- YOUR TASK -
Restate all of the records below exactly. Do not carry over any image.

-------- PROVIDED RECORDS

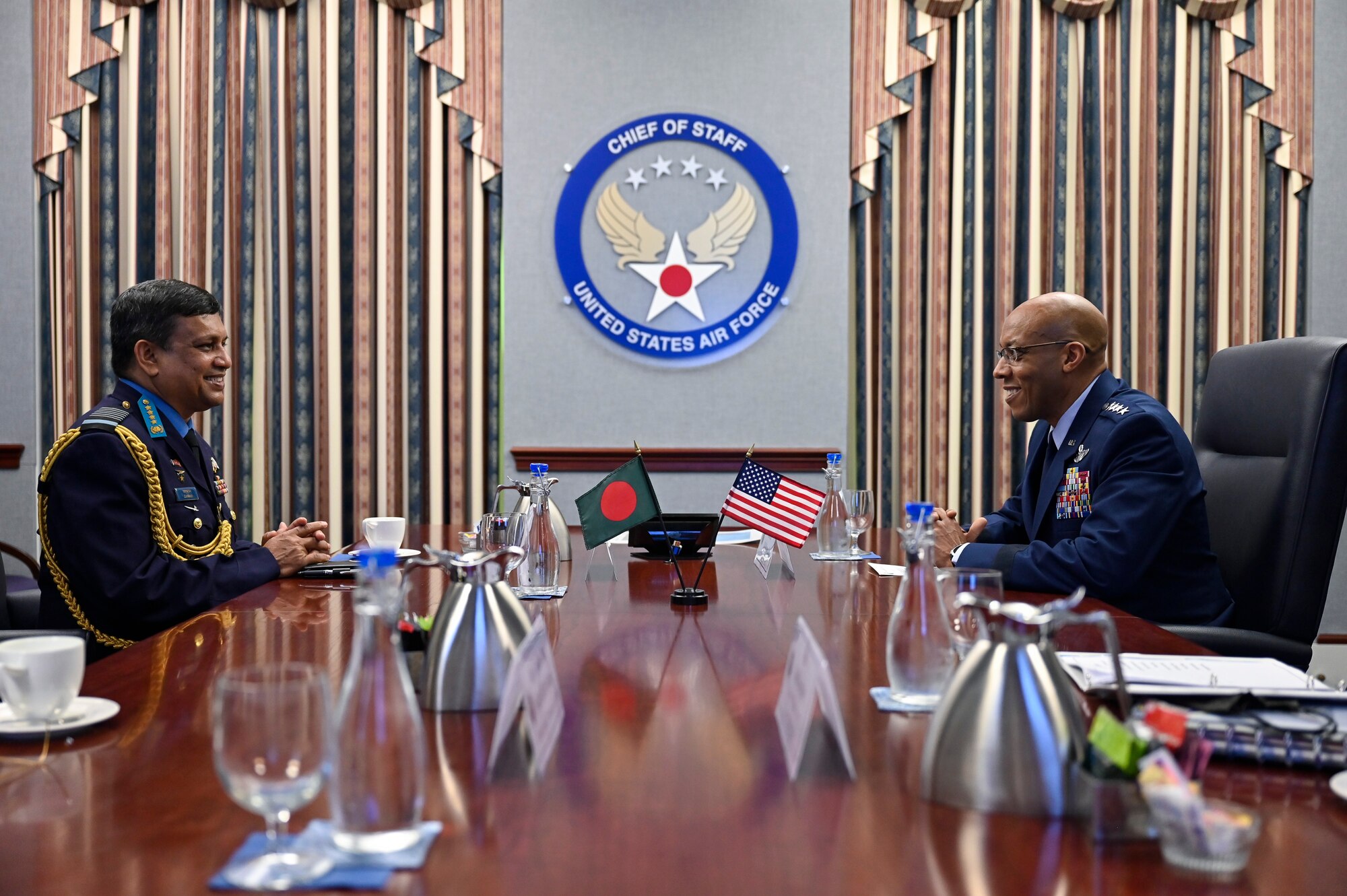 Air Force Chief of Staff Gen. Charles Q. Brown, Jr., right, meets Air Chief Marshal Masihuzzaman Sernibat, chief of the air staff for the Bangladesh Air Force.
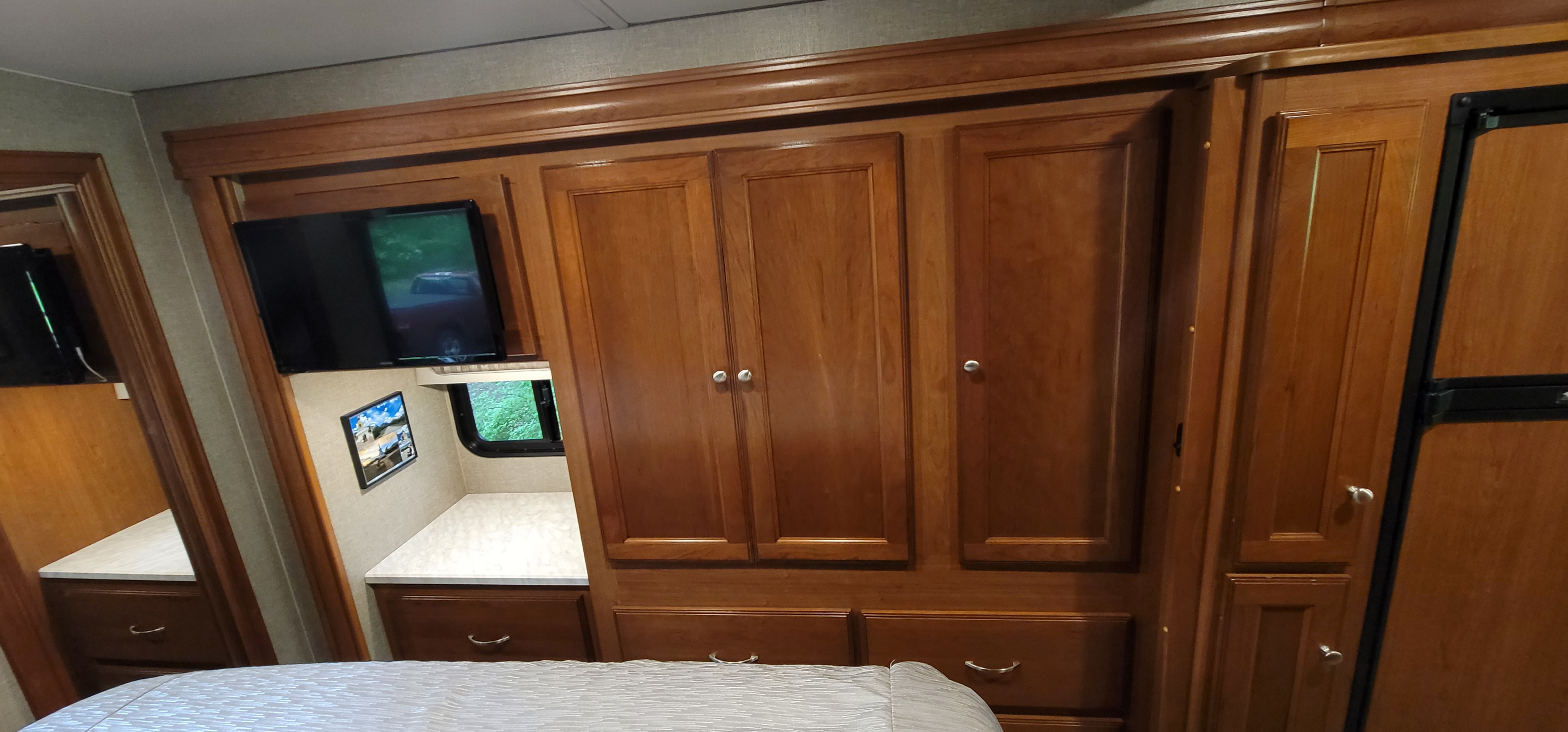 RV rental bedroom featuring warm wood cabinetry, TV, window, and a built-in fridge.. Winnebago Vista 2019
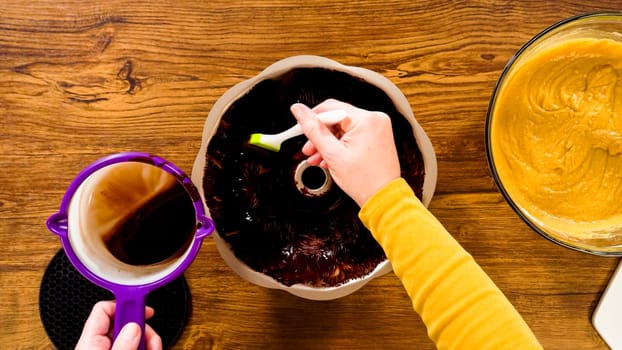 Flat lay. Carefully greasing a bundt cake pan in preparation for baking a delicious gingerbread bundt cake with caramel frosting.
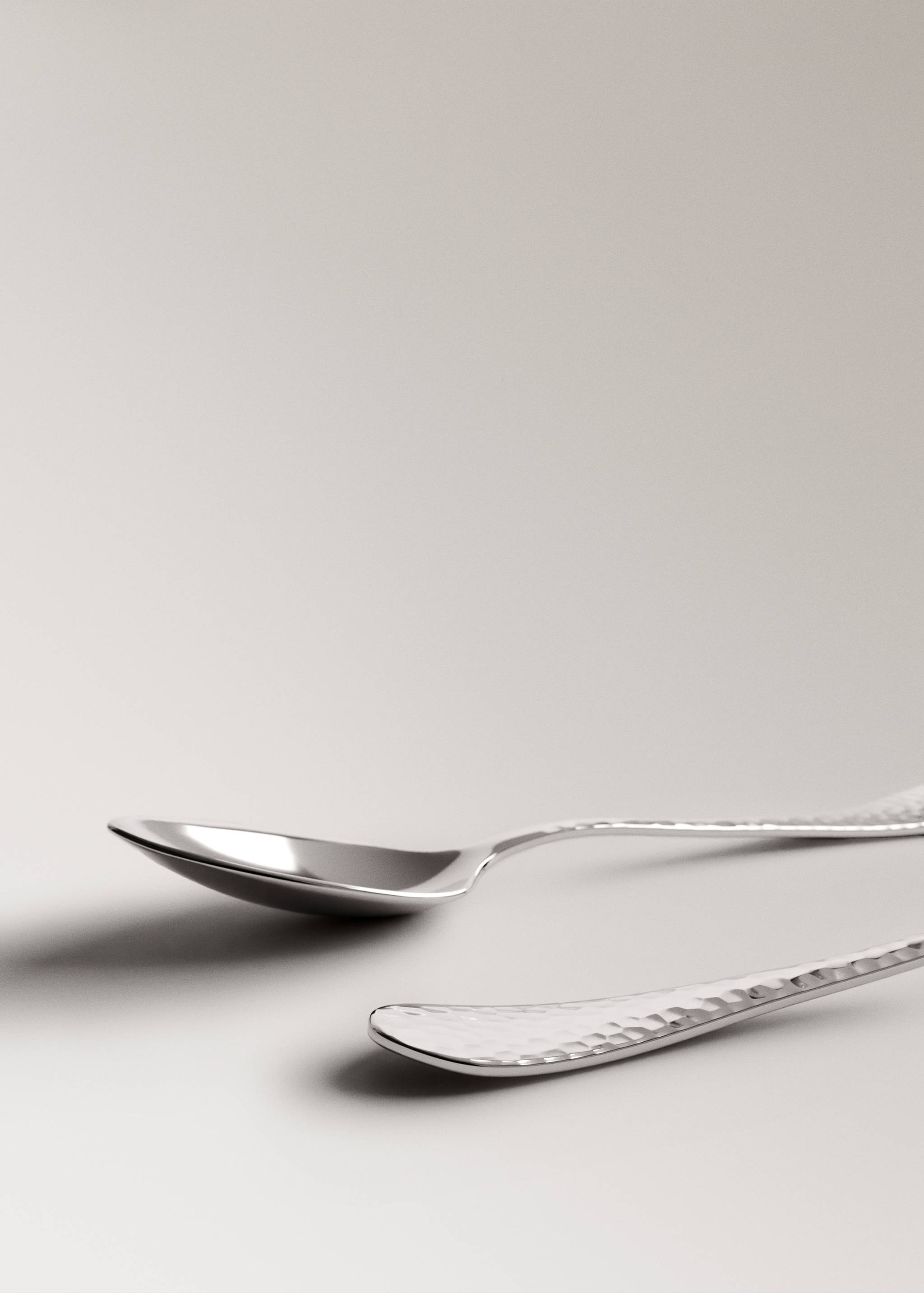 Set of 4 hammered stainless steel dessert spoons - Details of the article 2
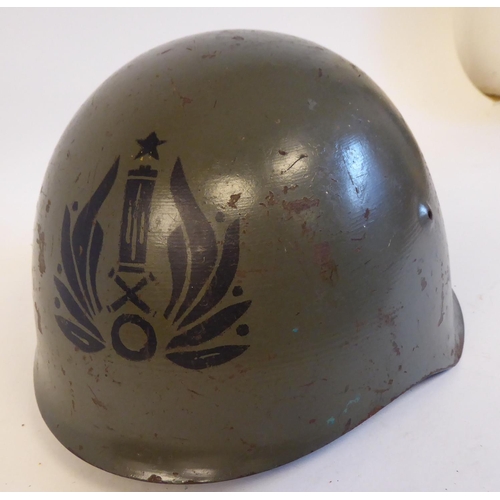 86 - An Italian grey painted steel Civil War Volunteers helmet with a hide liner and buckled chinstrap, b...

----------------

- OUTPUT OF THE TASK -
 Air Force Chief of Staff Gen. Charles Q. Brown, Jr., right, meets Air Chief Marshal Masihuzzaman Sernibat, chief of the air staff for the Bangladesh Air Force.
 RV rental bedroom featuring warm wood cabinetry, TV, window, and a built-in fridge.. Winnebago Vista 2019
 Flat lay. Carefully greasing a bundt cake pan in preparation for baking a delicious gingerbread bundt cake with caramel frosting.
 Set of 4 hammered stainless steel dessert spoons - Details of the article 2
 86 - An Italian grey painted steel Civil War Volunteers helmet with a hide liner and buckled chinstrap, b...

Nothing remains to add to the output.